§ **Instructions for the task**
Count up the lines in the following listing that hold the word "with", then give only that count.

§ **Records for this exercise**
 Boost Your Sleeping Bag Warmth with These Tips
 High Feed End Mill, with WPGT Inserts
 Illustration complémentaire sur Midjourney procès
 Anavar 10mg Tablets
---
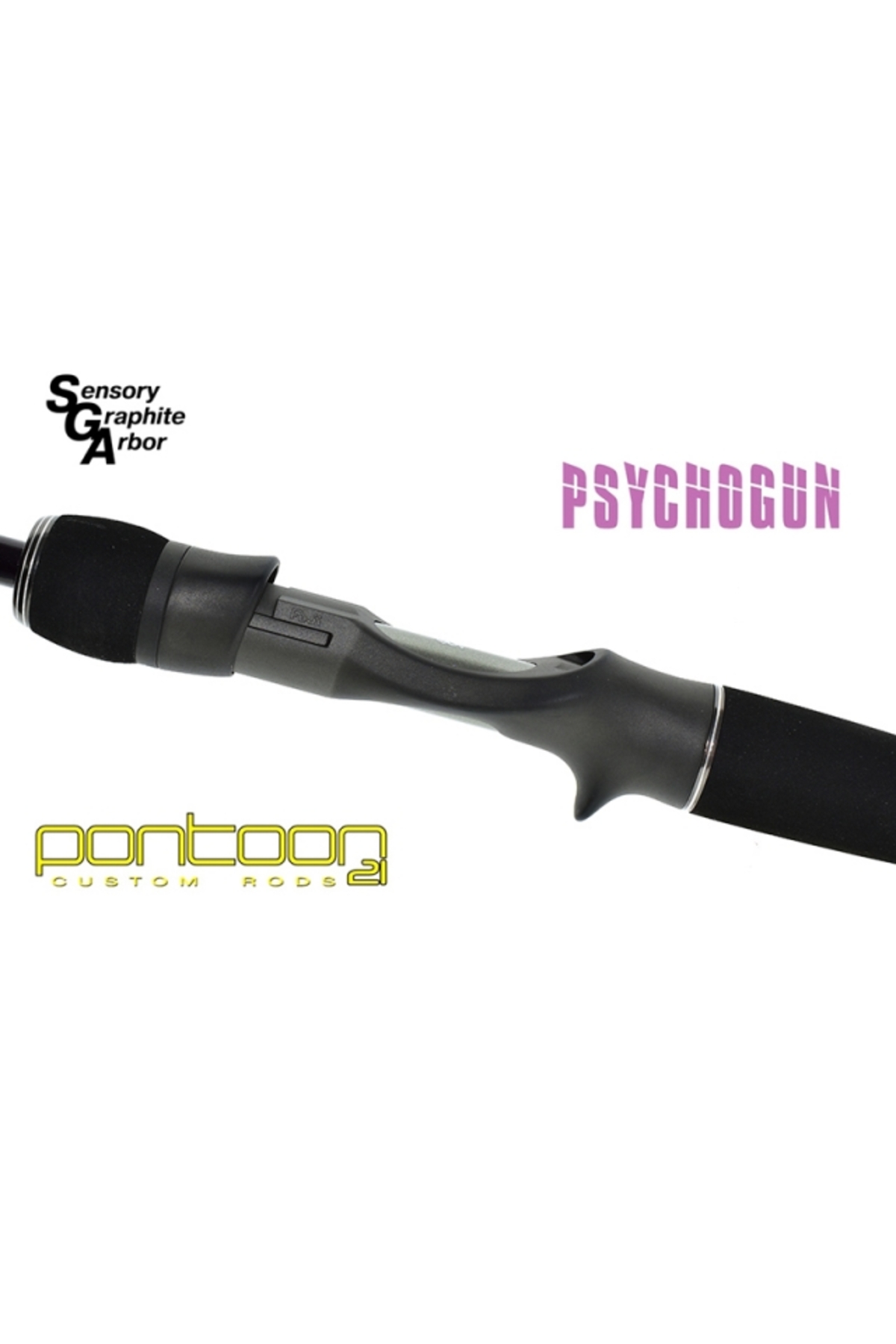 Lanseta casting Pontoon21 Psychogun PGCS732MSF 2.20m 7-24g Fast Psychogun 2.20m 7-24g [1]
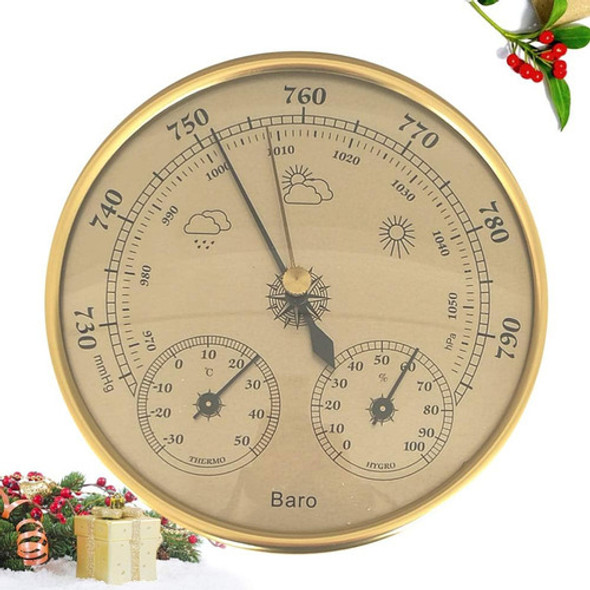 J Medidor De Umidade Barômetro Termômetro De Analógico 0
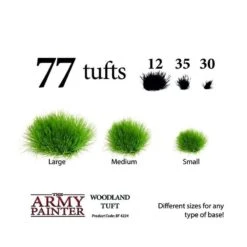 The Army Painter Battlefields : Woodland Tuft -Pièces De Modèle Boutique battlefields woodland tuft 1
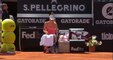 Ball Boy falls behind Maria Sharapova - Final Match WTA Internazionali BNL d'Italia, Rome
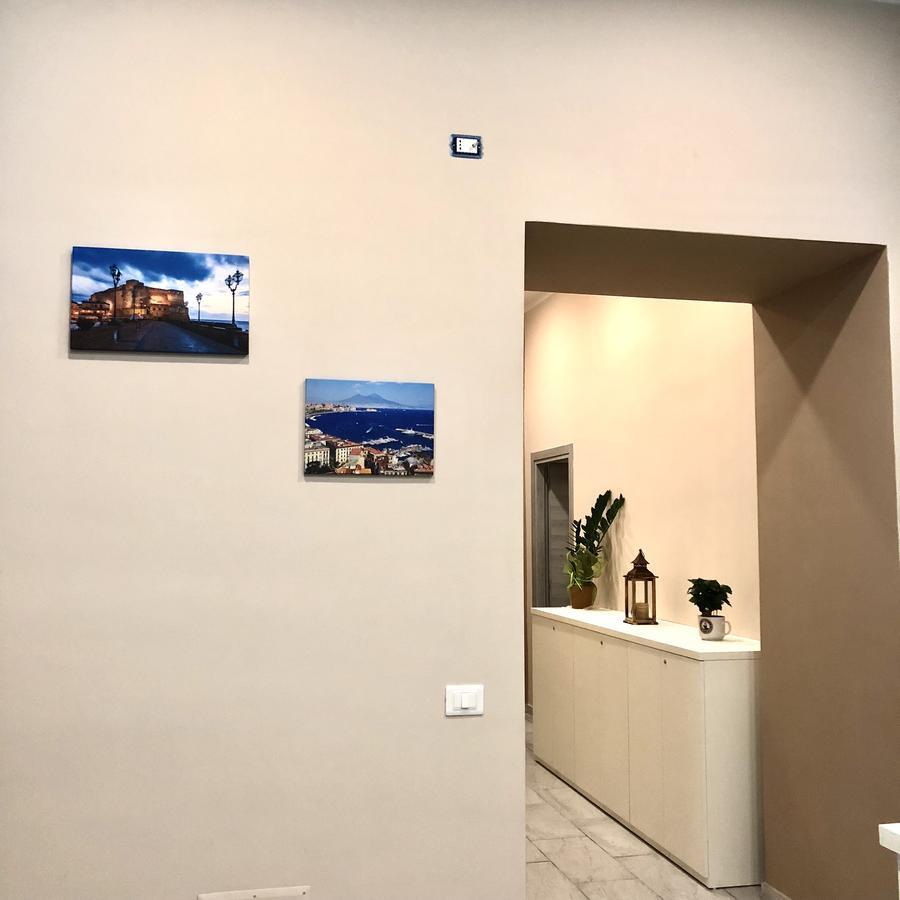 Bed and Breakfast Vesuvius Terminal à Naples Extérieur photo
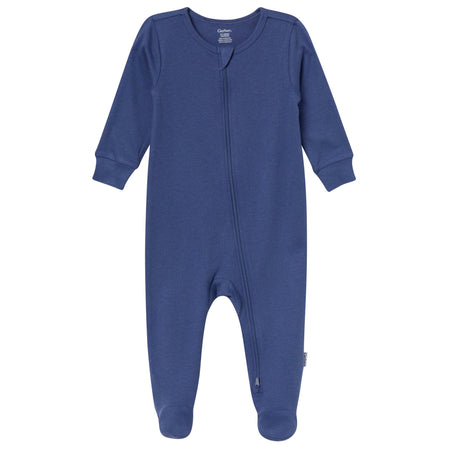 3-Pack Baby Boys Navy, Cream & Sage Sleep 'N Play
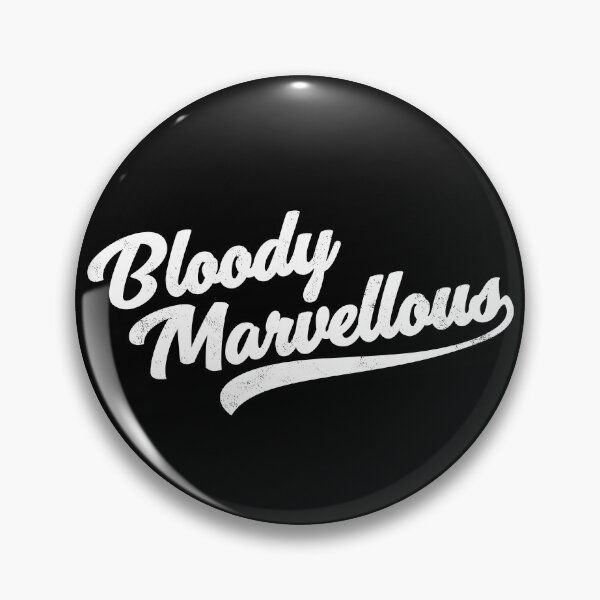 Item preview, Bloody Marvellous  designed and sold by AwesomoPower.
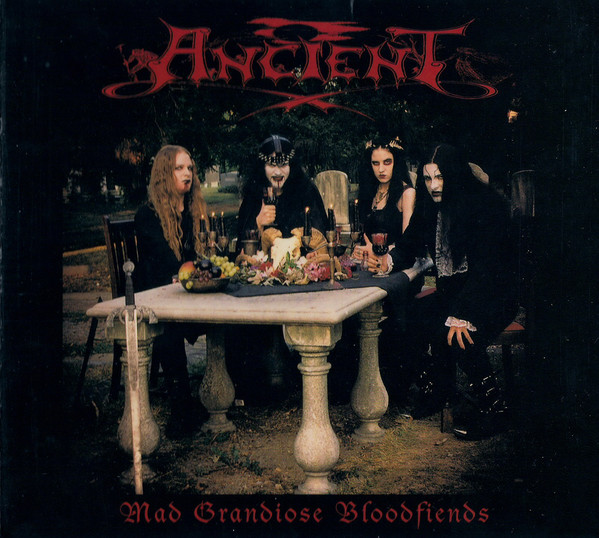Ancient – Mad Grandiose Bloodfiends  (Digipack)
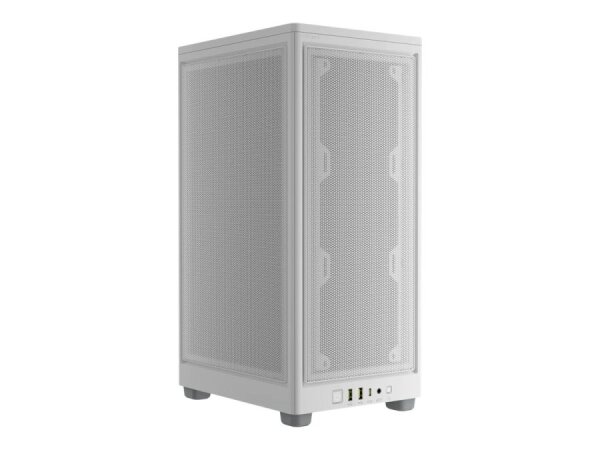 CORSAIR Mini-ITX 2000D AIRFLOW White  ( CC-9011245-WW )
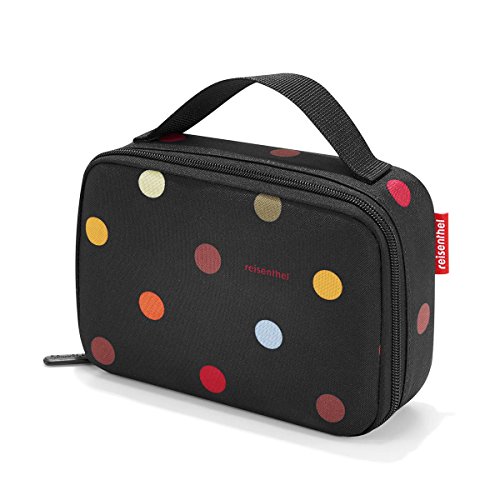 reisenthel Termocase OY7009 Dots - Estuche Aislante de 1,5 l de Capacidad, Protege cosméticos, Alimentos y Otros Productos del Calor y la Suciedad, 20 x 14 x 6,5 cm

§ **Answer to this task**
2